Tears, Empty Space, and the Important Things

On Tuesday I took my girls to the airport and sent them off to the east coast without me. If you have ever sent your whole family away from you onto a plane you can share this sentiment. I was crushed. I sat in my truck and cried. A grown man, with one beautiful beard, fully in tears. This was not a strange result to me, but this didn’t help the blow. There was an uneasy feeling in my belly all day as I knew they were on a plane, and I could not be there to help if something were to go wrong. A long time ago I decided that if I could make it possible we would always travel together. Today this was not true. Finally in the early afternoon I received a text that informed me they had landed. Huge sigh of relief from this fella. You see I can’t bare the thought something going terribly wrong. I believe everyone has a glue that holds them together.

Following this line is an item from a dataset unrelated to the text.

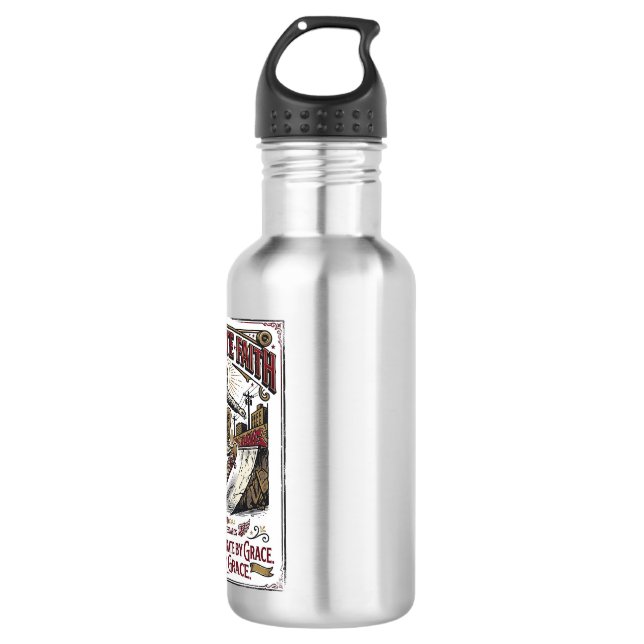 Jesus Skate Longboard Shirt Christlich Edelstahlflasche (Vorderseite)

The glue in my life is my girls. They give me purpose, they keep me happy, they warm my soul, they give me joy, and they hold me together. Through all the bullshit that goes down, and all the frustrations, they keep me anchored when I need to be, and they keep me sailing in the right direction, even in treacherous waters. This is a big shift for me, I have always subscribed to the "I am gonna do this because I want to" method. I wouldn’t really let anyone change my mind without a pretty compelling proposition. The funny thing about this change is that I don’t even miss the old me. I don’t have any inkling to ever go back, although I do heartily appreciate the journey to get where I am, and wouldn’t do anything differently. The past makes you who you are, it made me who I am, but it doesn’t dictate today. 

After I dropped the girls off on Tuesday about 5am I worked until the sun was diving for the horizon, then it was time to head home. Second blow to the soul came here. I realized that I have a learned helplessness since becoming a married man and a father. You see I married “UP” I married a woman that takes care of me our children and pretty much everyone. There are certain choices you make in your life that send your life in a soaring direction. Marrying this woman did this for me. So now I sit here realizing that I have not thought once about what the hell I am going to eat when I get home, and I just went to a local joint and grabbed some food by myself, which turned out to be quite peaceful, but all I could feel was the lack, the empty space that was present without my girls. I then proceeded to go home, and this one hit me hard. You see when I come home, I have a bubbly, magnificent 2 year old that runs to me while saying “Papa.” I can tell you these of all things might be my most treasured moments. I can’t orchestrate a collection of words to express this. I hope for you that you get this some day. But today, I walked in the doors to a seemingly dark cave. There was no one there. There was all of this stuff, that to be honest I could care less about. I looked around and thought “Shit, what is all this stuff!?” You see it all felt meaningless without my girls. It was the collection of these moments throughout the day that reinforced my deep down feeling of my feet being on the right path. And I mean the right path for me. Not in the sense of right and wrong, but in the sense of going in the direction you want your life to go. You see in this life, a lot of birds get in the proverbial cage. The parallel here is to lots of things on your/my plate, and lots of things happening all of the time, not number of humans in my house. I can see how you might make the mistake. Haha. Sometimes you just have to let some birds out of the cage and simplify things to check in with your self. My girls leaving that day was a huge blessing for me. It started out as a rough pill to swallow, but what it did for me was glorious. Extreme clarity in purpose and direction. 

Stay grounded in your family, stay grounded with your people. Life gets weird, and cloudy. True North is at home. Keep the important things "Important."